The Germans entered David-Horodok on July 5, 1941. The first significant action they took was the destruction of 3,000 Jewish men and boys. On August 10, 1941, the 17th of Av, 5701 on the Hebrew calendar, the Horodtchukas, David-Horodok Christians of Tartar descent, collected all Jewish males over the age of eight in the marketplace across from the Catholic Church. Then, with the SS, they marched the men out of town to mass graves prepared east of David-Horodok on the road to Chinovsk and Olshan. There, the men and boys, surrounded by SS Einsatzgruppen troops, were machine-gunned and buried.

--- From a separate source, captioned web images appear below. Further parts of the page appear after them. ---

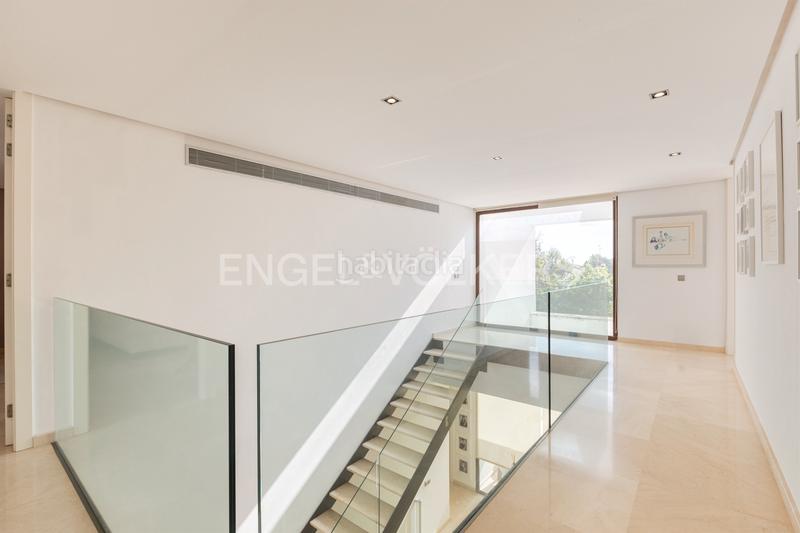 Foto cb5b7e2b-52e7-42e9-8dcb-f39a586c26c9. Casa  de arquitectura moderna con amplitud y luz en campolivar en Godella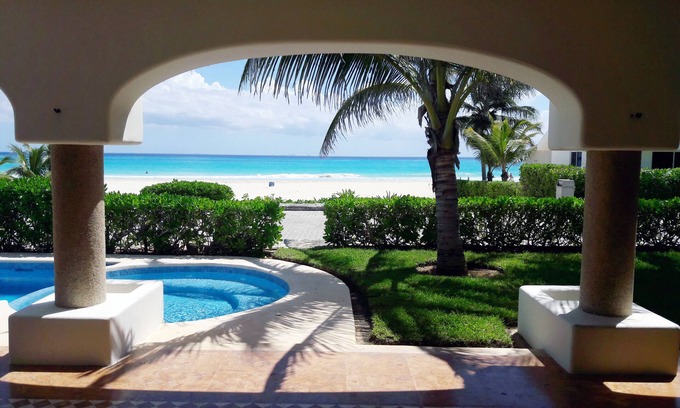 Playacar Fase I Villa | Villa Alborada 3BD Spacious, Beach Front Villa Playacar Fase 1 Gated Community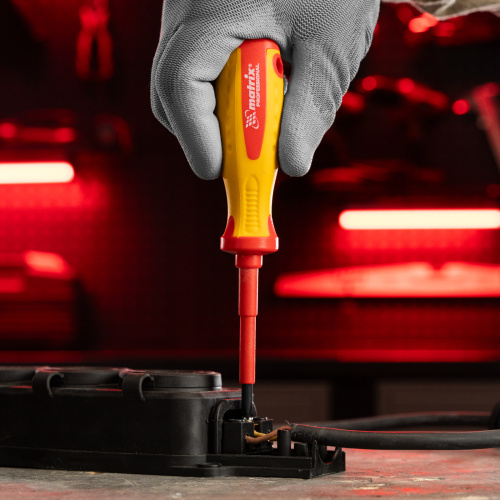 Отвертка Insulated, PH1 x 75 мм, CrMo, до 1000 В, двухкомпонентная рукоятка Matrix Professional по ценам производителя в Краснодаре с доставкой по всей России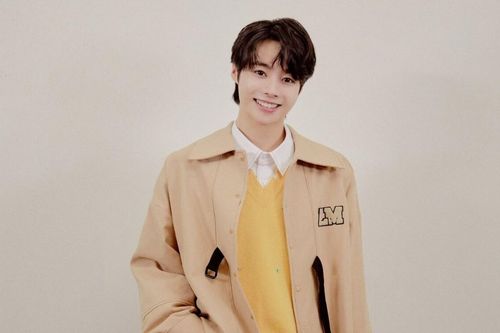 Không còn là đàn em của BTS, thực tập sinh Việt Nam - Hanbin về chung nhà với Vương Nhất Bác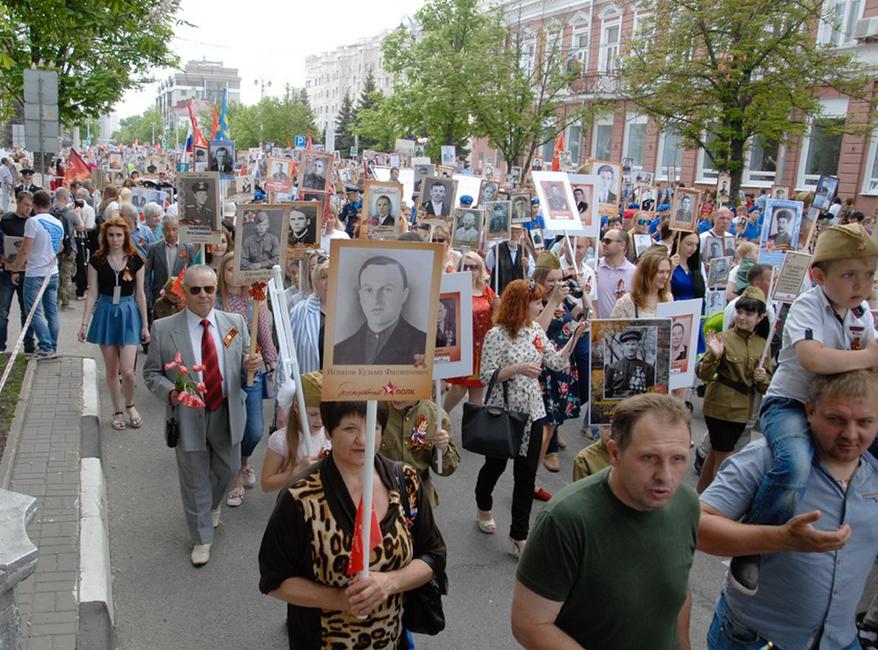 Кадры Дня Победы в Белгороде: парад и «Бессмертный полк» - Изображение 41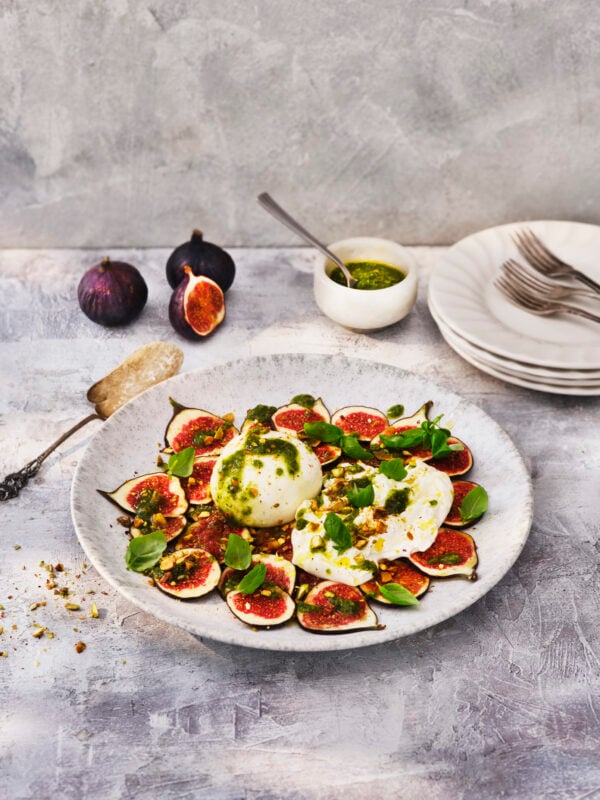 Fikoncarpaccio med burrata, pistagepesto och rostade pistagenötter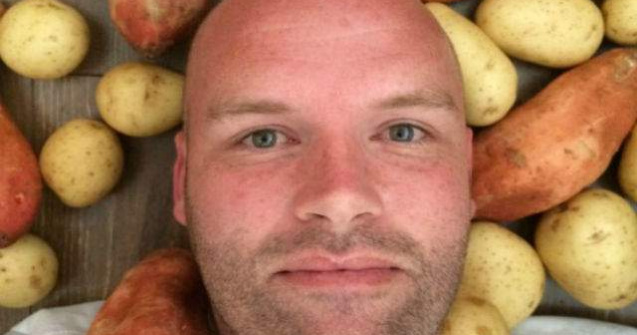 Acest barbat a mancat doar cartofi timp de o luna. Uite ce a patit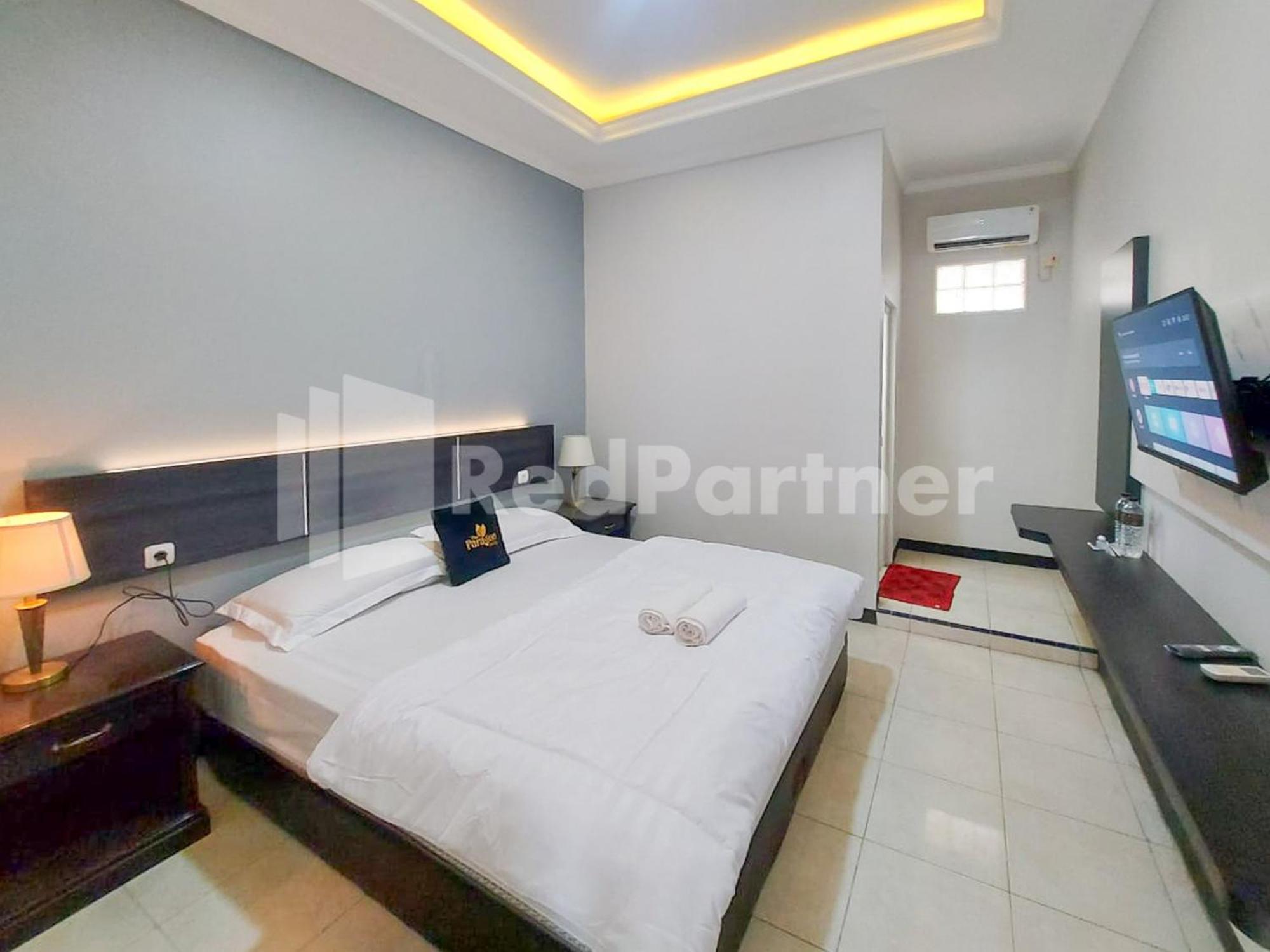 The Paragon Hotel Cilacap Redpartner Exterior photo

Later that afternoon, as the rain fell, all the Jewish women and children were forced out of town to wander for two to three weeks under the control of Horodtchuka guards. Meanwhile, their homes and possessions were plundered. Many of the older women died, while a few of the women escaped to other shtetls where they had relatives. Most, however, were returned to David-Horodok where they were put into a ghetto surrounded by barbed wire. There, forced to work for the Germans, many died of maltreatment and starvation.
On September 10, 1942, the day before Rosh Hashanah and the 28th of Elul, 5702 on the Hebrew calendar, the remaining 1,100 women and children were marched out to the same place the men had been shot and were murdered by the guns of German SS Police Battalion 309. This ended the close to 500-year existence of the Jewish community in David-Horodok.
Let us remember and honor the memories of our families and landsmen who perished in the Holocaust.